En este punto, precisamente porque había asumido el «momento» del grupo, el clima era más vivo que al empezar, antes del silencio.
Primera pregunta:
—¿Qué significa la mayéutica socrática?
Carcajada general, y yo registré mi primer gol.
—Ahora les toca a ustedes hacerme una pregunta a mí —dije.
Hubo unos murmullos y uno de ellos lanzó la pregunta: —¿Qué es la curva de nivel?
No supe responder, y registré uno a uno.
—¿Cuál es la importancia de Hegel en el pensamiento de Marx?
Dos a uno.
—¿Para qué sirve el calado del suelo?
Dos a dos.
—¿Qué es un verbo intransitivo?
Tres a dos.
—¿Qué relación hay entre la curva de nivel y la erosión?
Tres a tres.
—¿Qué significa epistemología?
Cuatro a tres.
—¿Qué es abono verde?
Cuatro a cuatro.
Y así sucesivamente, hasta que llegamos a diez a diez.
Al despedirme de ellos hice una sugerencia: «Piensen en lo que ocurrió aquí esta tarde. Ustedes empezaron discutiendo muy bien conmigo. En cierto momento se quedaron en silencio y dijeron que solo yo podía hablar porque solo yo sabía, y ustedes no. Hicimos un juego sobre saberes y empatamos diez a diez. Yo sabía diez cosas que ustedes no sabían y ustedes sabían diez cosas que yo no sabía. Piensen en eso».

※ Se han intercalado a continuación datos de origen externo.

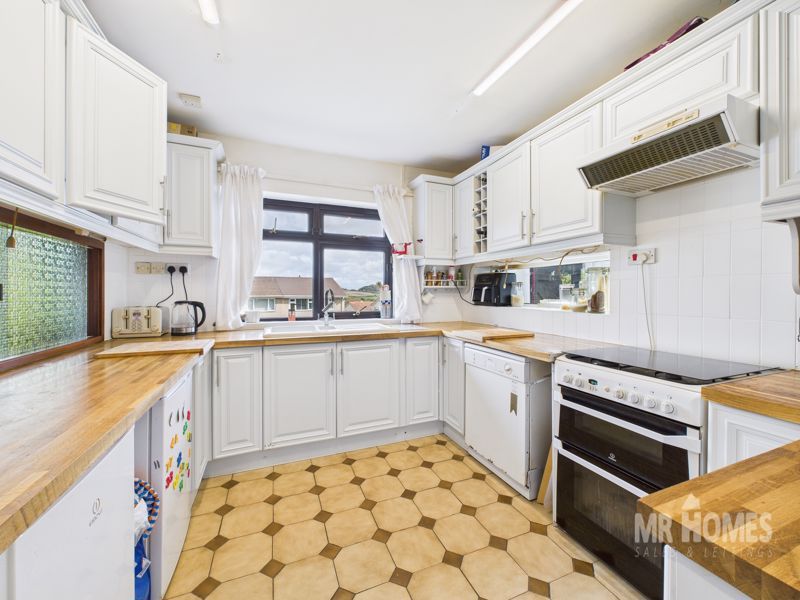 Property photo 2 of 42 Photo 8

De regreso a casa recordaba la primera experiencia que había tenido mucho tiempo antes en la Zona de Selva de Pernambuco, igual a la que ahora acababa de vivir.
Después de algunos momentos de buen debate con un grupo de campesinos el silencio cayó sobre nosotros y nos envolvió a todos. El discurso de uno de ellos fue el mismo, la traducción exacta del discurso del campesino chileno que había oído en aquel atardecer.
—Muy bien —les dije—, yo sé, ustedes no saben. Pero ¿por qué yo sé y ustedes no saben?
Aceptando su discurso, preparé el terreno para mi intervención. La vivacidad brillaba en todos. De repente la curiosidad se encendió. La respuesta no se hizo esperar.
—Usted sabe porque es doctor. Nosotros no.
—Exacto. Yo soy doctor. Ustedes no. Pero ¿por qué yo soy doctor y ustedes no?
—Porque fue a la escuela, ha leído, estudiado, y nosotros no.
—¿Y por qué fui a la escuela?
—Porque su padre pudo mandarlo a la escuela, y el nuestro no.
—¿Y por qué los padres de ustedes no pudieron mandarlos a la escuela?
—Porque eran campesinos como nosotros.
—¿Y qué es ser campesino?
—Es no tener educación ni propiedades, trabajar de sol a sol sin tener derechos ni esperanza de un día mejor.
—¿Y por qué al campesino le falta todo eso?
—Porque así lo quiere Dios.
—¿Y quién es Dios?
—Es el Padre de todos nosotros.
—¿Y quién es padre aquí en esta reunión?
Casi todos, levantando la mano, dijeron que lo eran.
Mirando a todo el grupo en silencio, me fijé en uno de ellos y le pregunté:
—¿Cuántos hijos tienes?
—Tres.
—¿Serías capaz de sacrificar a dos de ellos, sometiéndolos a sufrimientos, para que el tercero estudiara y se diera buena vida en Recife? ¿Serías capaz de amar así?
—¡No!
—Y si tú, hombre de carne y hueso, no eres capaz de cometer tamaña injusticia, ¿cómo es posible entender que la haga Dios? ¿Será de veras Dios quien hace esas cosas?
Un silencio diferente, completamente diferente del anterior, un silencio en que empezaba a compartirse algo. Y a continuación:
—No. No es Dios quien hace todo eso. ¡Es el patrón!
Posiblemente aquellos campesinos estaban, por primera vez, intentando el esfuerzo de superar la relación que en la Pedagogía del oprimido llamé de «adherencia» del oprimido al opresor, para, «tomando distancia de él», ubicarlo «fuera» de sí, como diría Fanon.
A partir de ahí, habría sido posible también ir comprendiendo el papel del patrón, inserto en determinado sistema socioeconómico y político, ir comprendiendo las relaciones sociales de producción, los intereses de clase, etcétera.
La falta total de sentido sería que después del silencio que interrumpió bruscamente nuestro diálogo yo hubiera pronunciado un discurso tradicional, con frases hechas, vacío, intolerante.